> _DIRECTIONS_
Please output, exactly and without pictures, the lines from the opening of the listing below through the line containing "nagonstans（ナゴンスタンス）nagonstans (ナゴンスタンス) FRILL", both included.

> _SUPPLIED INFORMATION_
Content starts

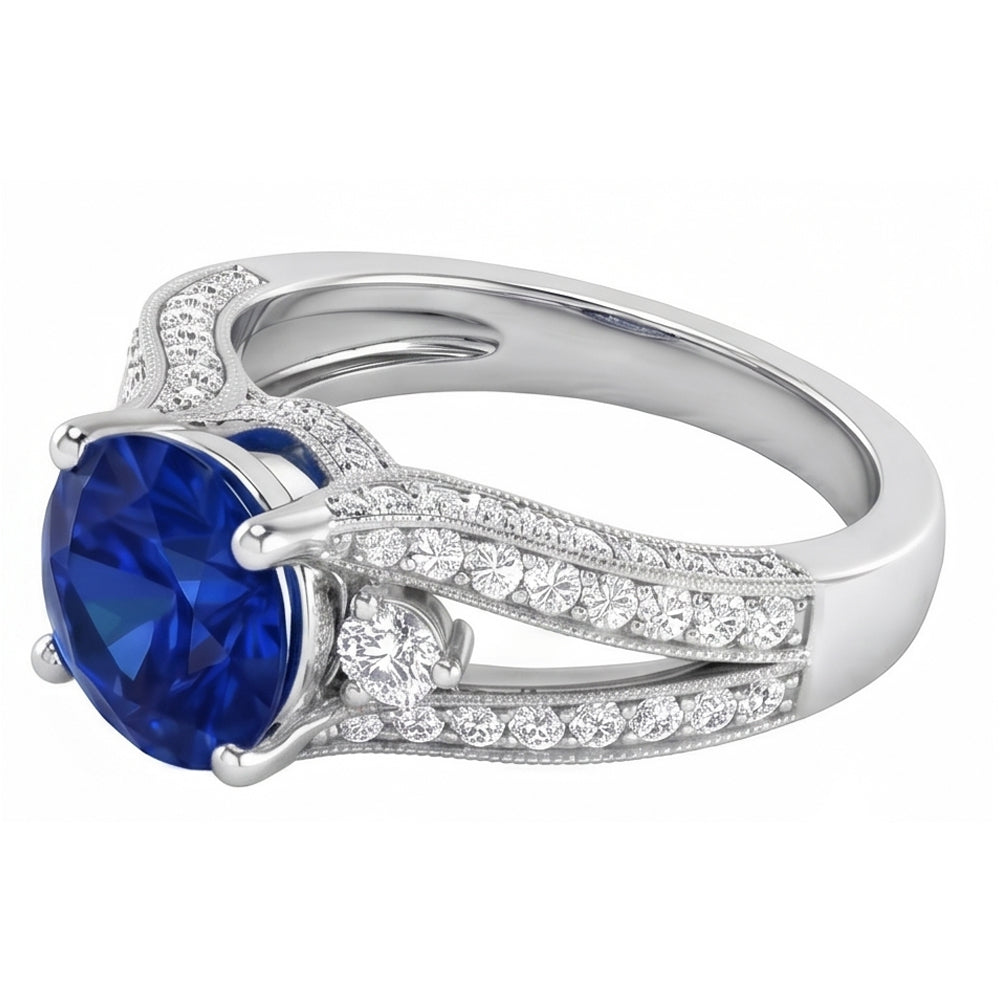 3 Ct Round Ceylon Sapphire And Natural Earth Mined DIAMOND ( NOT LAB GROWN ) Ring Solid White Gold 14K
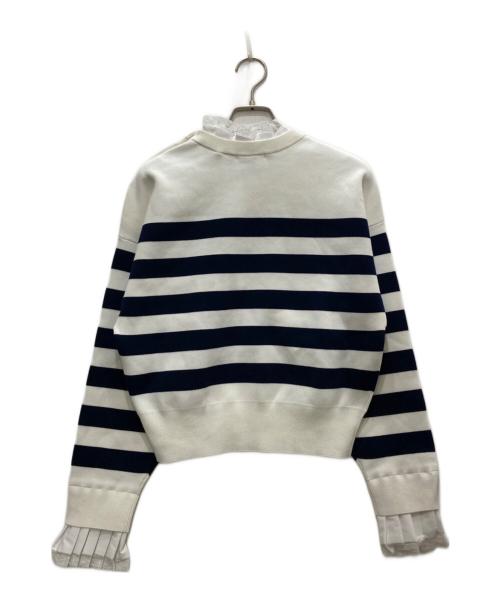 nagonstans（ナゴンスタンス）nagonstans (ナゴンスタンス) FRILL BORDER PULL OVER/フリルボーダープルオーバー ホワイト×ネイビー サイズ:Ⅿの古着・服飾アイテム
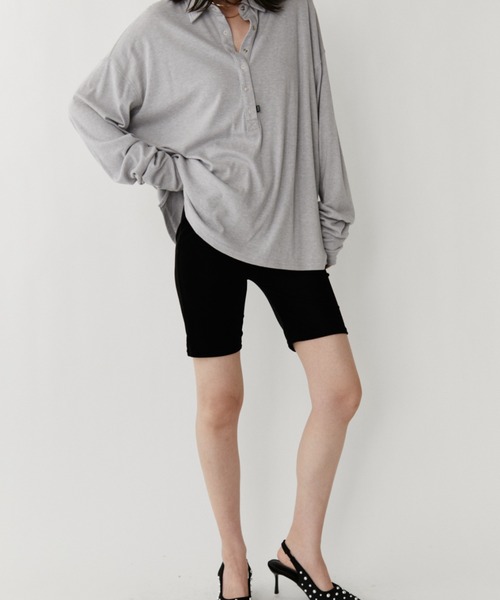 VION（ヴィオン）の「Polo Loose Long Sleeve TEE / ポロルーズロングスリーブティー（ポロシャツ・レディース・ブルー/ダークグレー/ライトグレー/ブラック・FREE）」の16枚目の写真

Content ends

> _EXERCISE RESULT_
 3 Ct Round Ceylon Sapphire And Natural Earth Mined DIAMOND ( NOT LAB GROWN ) Ring Solid White Gold 14K
 nagonstans（ナゴンスタンス）nagonstans (ナゴンスタンス) FRILL BORDER PULL OVER/フリルボーダープルオーバー ホワイト×ネイビー サイズ:Ⅿの古着・服飾アイテム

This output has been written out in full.